Work instruction:
Please transcribe, word for word, the line containing "Embroidered cotton shirt" and every line after it through the end of the records below, and nothing else.

______________________________

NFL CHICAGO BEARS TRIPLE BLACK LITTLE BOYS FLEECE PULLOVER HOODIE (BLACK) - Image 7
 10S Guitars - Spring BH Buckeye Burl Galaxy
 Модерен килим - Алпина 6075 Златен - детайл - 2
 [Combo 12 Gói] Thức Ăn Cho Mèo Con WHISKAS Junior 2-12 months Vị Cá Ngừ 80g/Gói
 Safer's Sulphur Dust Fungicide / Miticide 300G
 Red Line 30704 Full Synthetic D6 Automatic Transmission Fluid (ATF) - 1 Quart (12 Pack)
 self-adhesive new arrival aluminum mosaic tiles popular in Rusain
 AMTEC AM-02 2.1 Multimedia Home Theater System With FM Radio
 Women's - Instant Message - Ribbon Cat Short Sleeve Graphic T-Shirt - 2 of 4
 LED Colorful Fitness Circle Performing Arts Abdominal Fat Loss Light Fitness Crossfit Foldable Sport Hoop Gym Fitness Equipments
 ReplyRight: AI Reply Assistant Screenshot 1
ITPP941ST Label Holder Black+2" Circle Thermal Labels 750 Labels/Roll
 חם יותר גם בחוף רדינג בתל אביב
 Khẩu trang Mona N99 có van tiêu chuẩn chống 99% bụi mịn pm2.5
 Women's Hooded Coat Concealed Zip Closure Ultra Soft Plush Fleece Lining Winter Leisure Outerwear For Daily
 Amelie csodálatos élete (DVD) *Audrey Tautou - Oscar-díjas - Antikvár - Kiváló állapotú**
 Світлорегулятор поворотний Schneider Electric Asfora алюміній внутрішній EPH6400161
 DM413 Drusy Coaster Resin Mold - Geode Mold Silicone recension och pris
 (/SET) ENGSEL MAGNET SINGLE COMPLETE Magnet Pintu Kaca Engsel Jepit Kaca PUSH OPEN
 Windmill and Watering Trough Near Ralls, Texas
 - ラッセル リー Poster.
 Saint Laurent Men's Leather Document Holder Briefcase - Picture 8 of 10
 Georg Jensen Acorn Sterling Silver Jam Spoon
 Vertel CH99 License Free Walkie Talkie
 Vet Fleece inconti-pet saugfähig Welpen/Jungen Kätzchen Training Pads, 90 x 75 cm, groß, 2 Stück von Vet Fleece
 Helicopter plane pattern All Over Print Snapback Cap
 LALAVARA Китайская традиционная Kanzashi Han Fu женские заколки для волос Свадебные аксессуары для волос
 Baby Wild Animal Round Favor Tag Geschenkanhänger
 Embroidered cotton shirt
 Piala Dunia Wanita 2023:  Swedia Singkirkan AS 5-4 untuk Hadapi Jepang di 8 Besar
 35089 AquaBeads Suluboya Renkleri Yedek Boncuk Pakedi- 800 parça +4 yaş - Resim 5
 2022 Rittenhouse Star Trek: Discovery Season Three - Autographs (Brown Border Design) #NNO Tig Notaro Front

______________________________

Solution for this exercise:
 Embroidered cotton shirt
 Piala Dunia Wanita 2023:  Swedia Singkirkan AS 5-4 untuk Hadapi Jepang di 8 Besar
 35089 AquaBeads Suluboya Renkleri Yedek Boncuk Pakedi- 800 parça +4 yaş - Resim 5
 2022 Rittenhouse Star Trek: Discovery Season Three - Autographs (Brown Border Design) #NNO Tig Notaro Front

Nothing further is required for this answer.